▶ _Directions for this task_:
Within the entries below, please return exactly the lines from the one with "サイドスリットライントレーニングワイドパンツ(5color) BLACK" through the one with "Handmade Woven PU", leaving out any pictures.

▶ _Given records_:
▼▼▼

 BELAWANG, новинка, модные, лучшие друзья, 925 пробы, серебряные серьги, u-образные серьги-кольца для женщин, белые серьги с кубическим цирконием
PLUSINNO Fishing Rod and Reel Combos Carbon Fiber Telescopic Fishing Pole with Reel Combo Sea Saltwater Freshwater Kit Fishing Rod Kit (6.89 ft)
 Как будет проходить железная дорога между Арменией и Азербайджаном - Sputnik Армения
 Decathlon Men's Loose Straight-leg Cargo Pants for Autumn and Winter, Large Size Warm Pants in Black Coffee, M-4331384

▲▲▲
▼▼▼

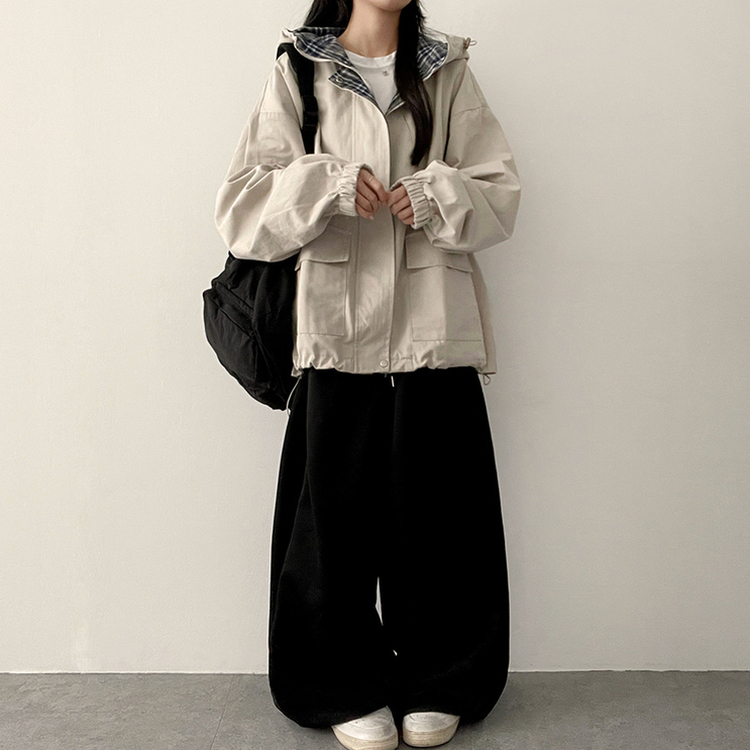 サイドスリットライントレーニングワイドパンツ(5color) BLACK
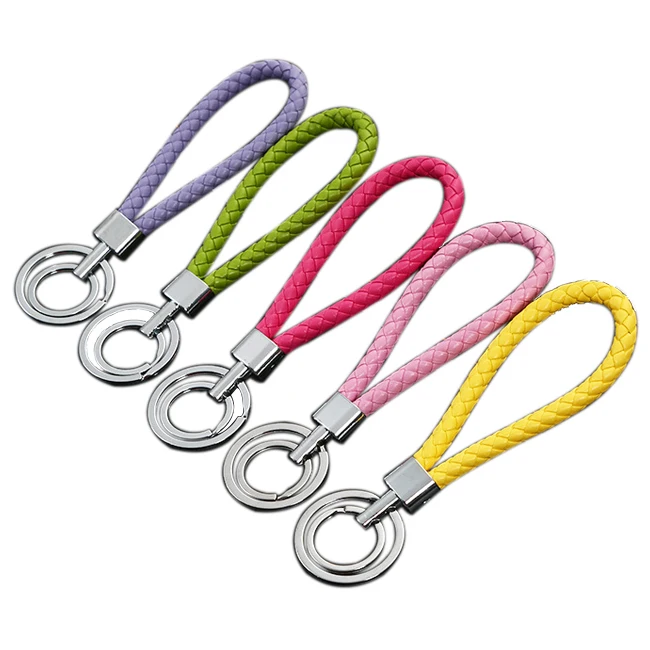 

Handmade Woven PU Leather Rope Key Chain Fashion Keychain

▲▲▲

▶ _Solution_:
 サイドスリットライントレーニングワイドパンツ(5color) BLACK

Handmade Woven PU Leather Rope Key Chain Fashion Keychain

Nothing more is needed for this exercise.